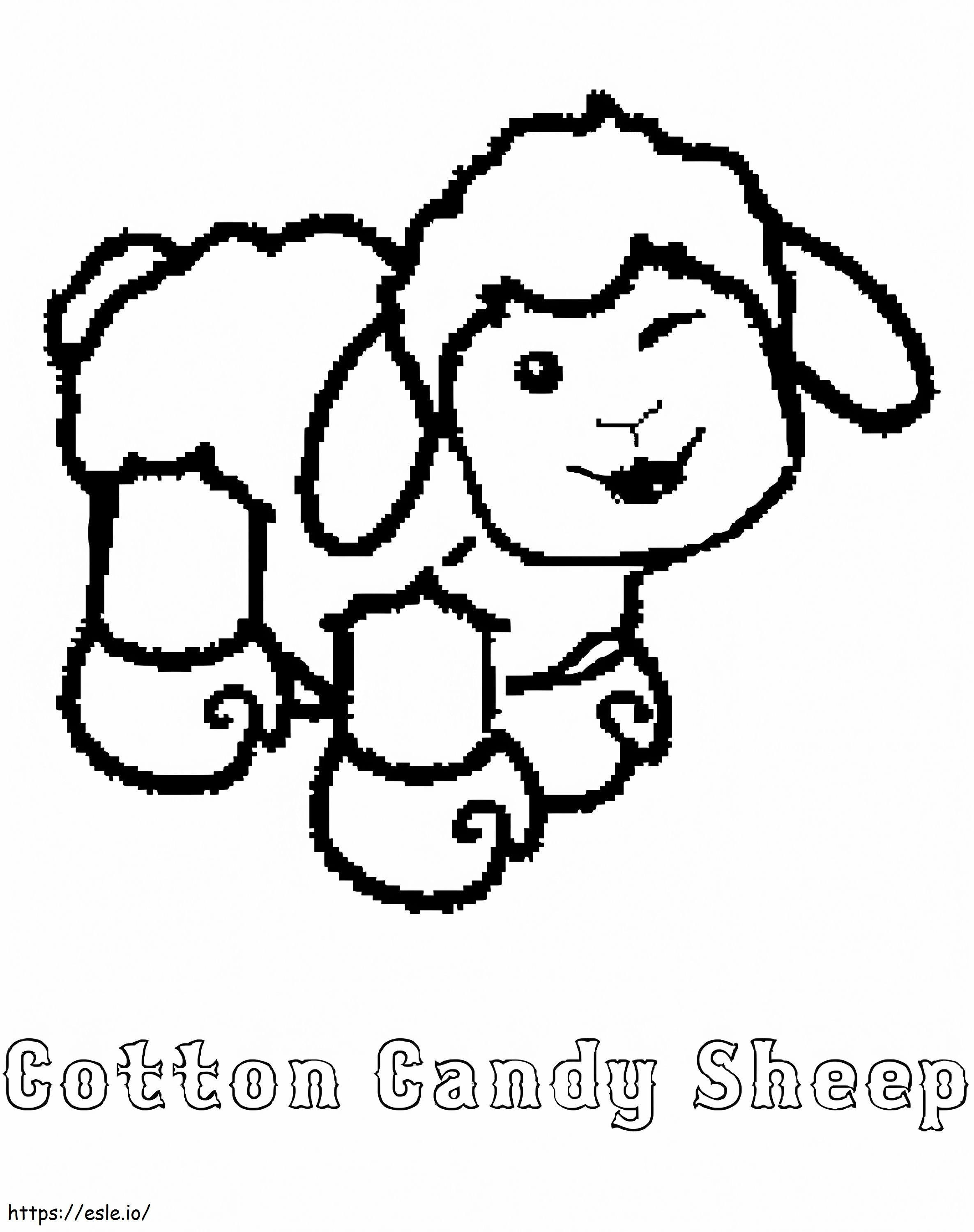 Coloriage Mouton barbe à papa Webkinz à imprimer dessin
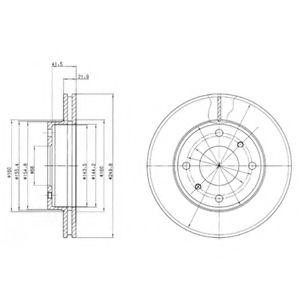 Тормозной диск BG2395 DELPHI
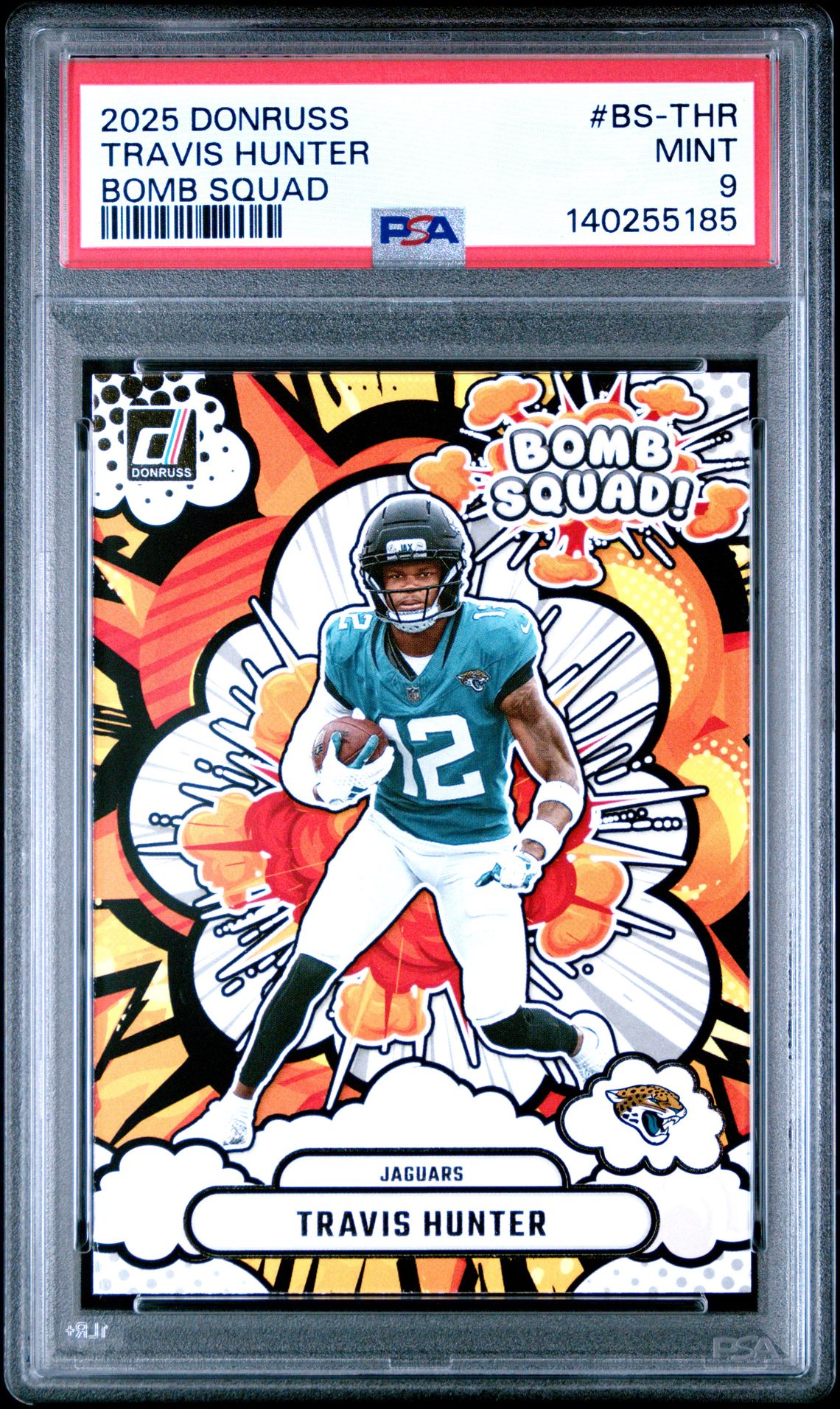 2025 Panini Donruss Bomb Squad Travis Hunter #Bs-Thr Mint 9 front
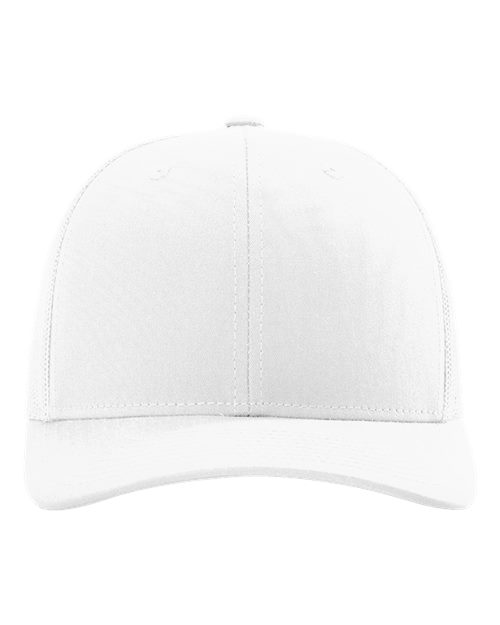 112+ R-Flex Adjustable Trucker Cap - White Richardson 112PL - 112+ R-Flex Adjustable Trucker Cap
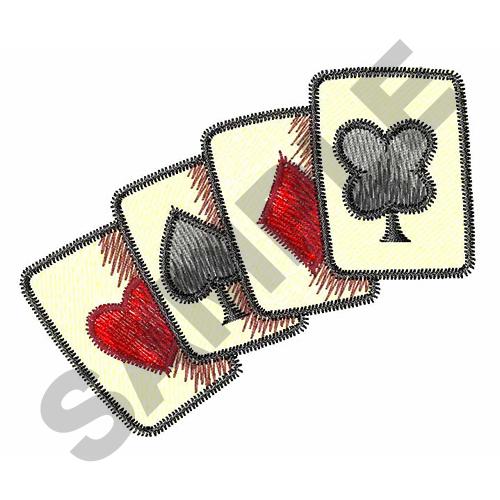 PLAYING CARDS Embroidery Design AnnTheGran
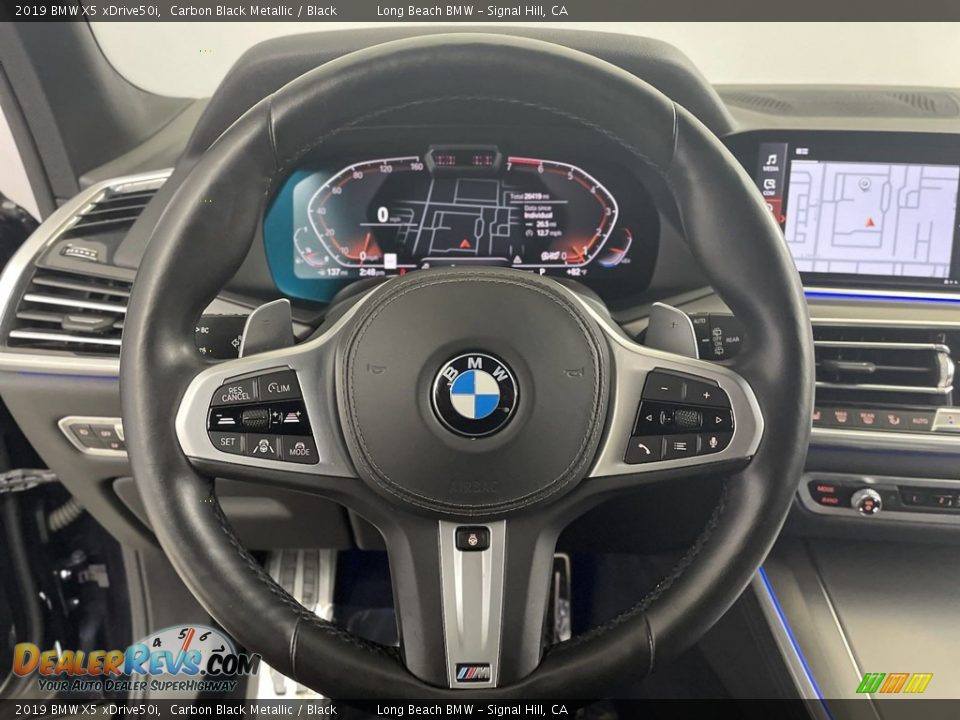 2019 BMW X5 xDrive50i Carbon Black Metallic / Black Photo #17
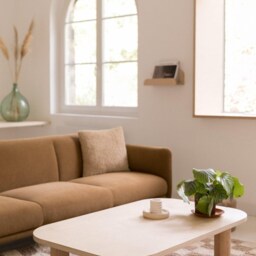 Large Natural Sequoia Coffee Table - thumbnail 2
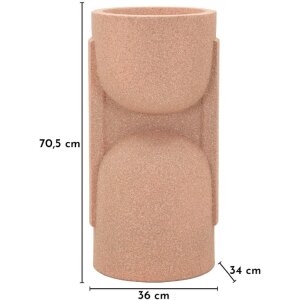 Stojak na doniczki ogrodowe "Nui" Mauro Ferretti – czerwony, futurystyczny design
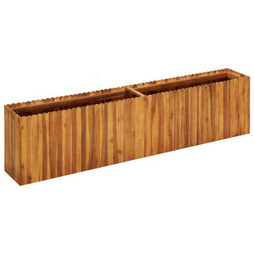 vidaXL 45926 - Lit surélevé de jardin 200x30x50 cm Bois massif dacacia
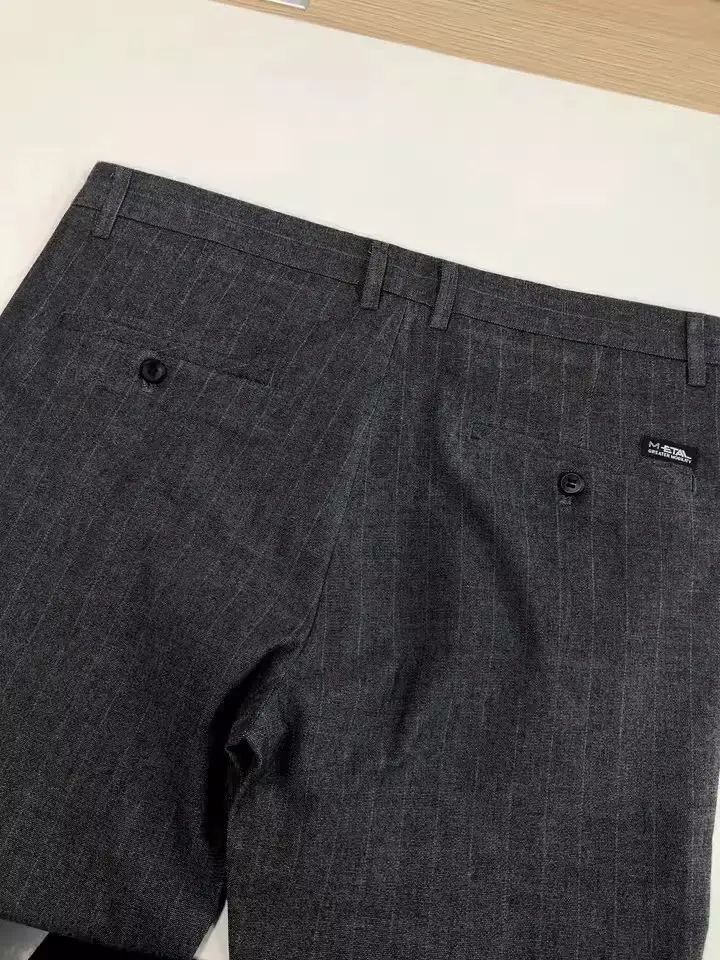 2022 Men's Business Casual Long Pants Suit Spring Autumn Fashion Pants Male Elastic Straight Formal Trousers Plus Big Size 29-40 photo review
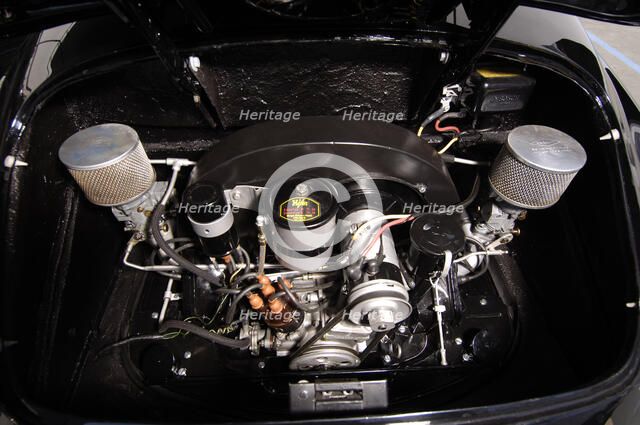 1956 Porsche Spyder - James Dean replica. Artist: Simon Clay.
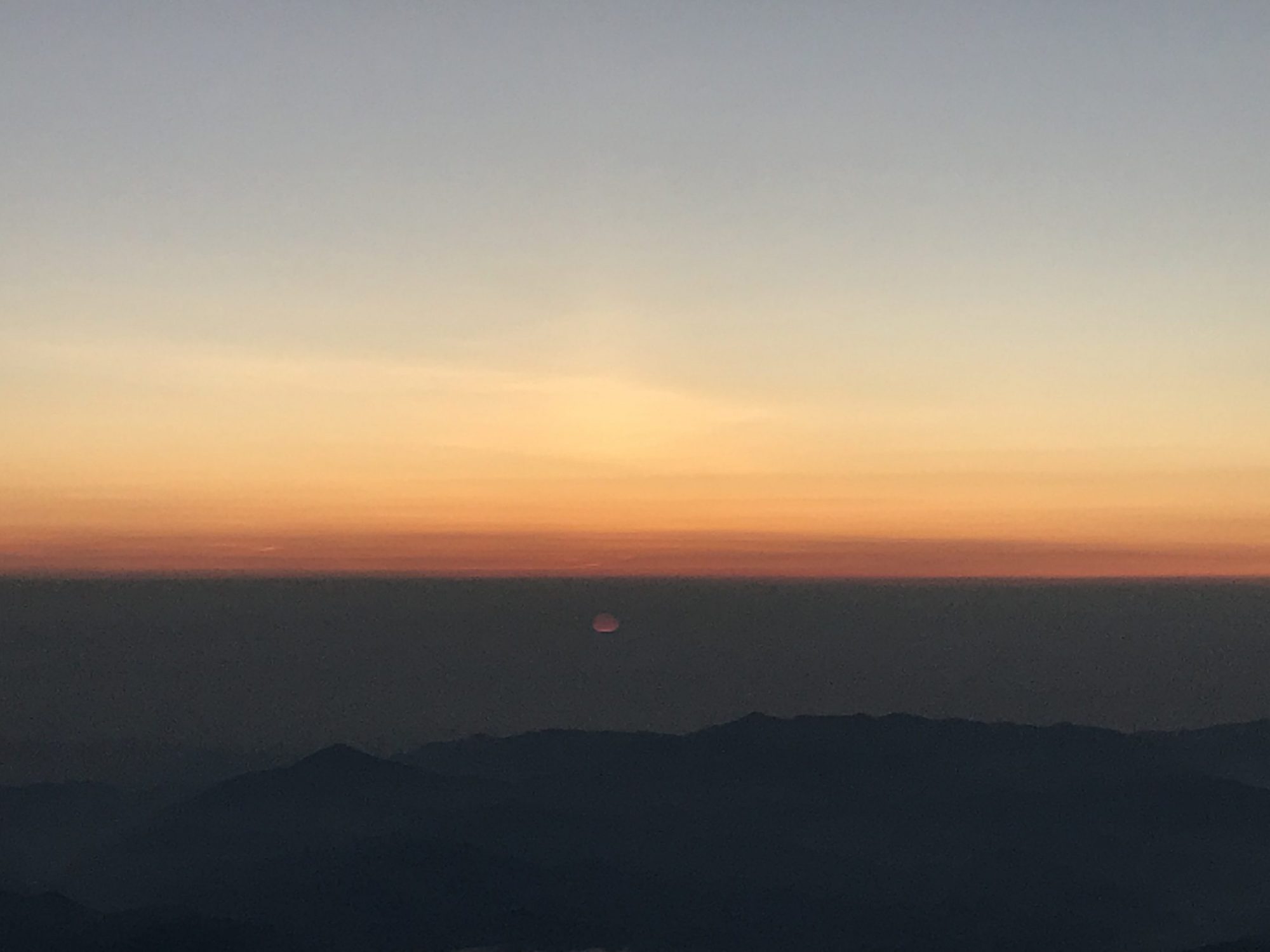 富士山登頂 夏の初日の出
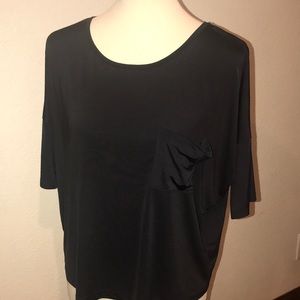 Unique black blouse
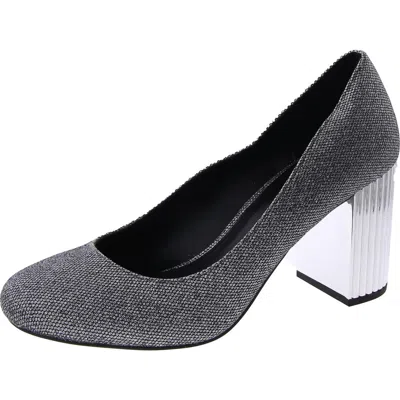 Michael Michael Kors Porter Flexpump Womens Dressy Block Heels In Silver
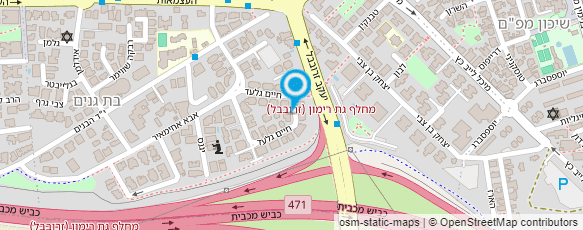 מפת הגעה אל עו"ד מרדכי מורד דוד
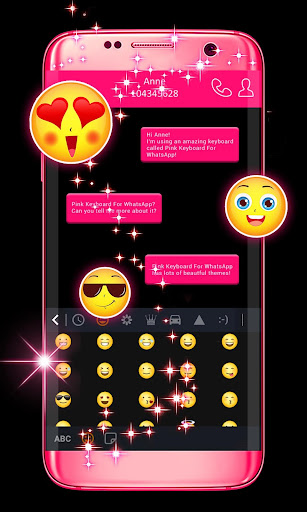 Pink Keyboard For WhatsApp ekran görüntüsü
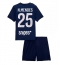 Paris Saint-Germain Nuno Mendes #25 Thuis tenue voor kinderen 2025-26 Korte Mouwen (+ broek)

════════════════

### Task requirements
Retyping is limited to the line with "2022 Men's Business" and the lines after it in the material above; give them exactly and leave out the pictures.

### Answer to this problem
 2022 Men's Business Casual Long Pants Suit Spring Autumn Fashion Pants Male Elastic Straight Formal Trousers Plus Big Size 29-40 photo review
 1956 Porsche Spyder - James Dean replica. Artist: Simon Clay.
 富士山登頂 夏の初日の出
 Unique black blouse
 Michael Michael Kors Porter Flexpump Womens Dressy Block Heels In Silver
 מפת הגעה אל עו"ד מרדכי מורד דוד
 Pink Keyboard For WhatsApp ekran görüntüsü
 Paris Saint-Germain Nuno Mendes #25 Thuis tenue voor kinderen 2025-26 Korte Mouwen (+ broek)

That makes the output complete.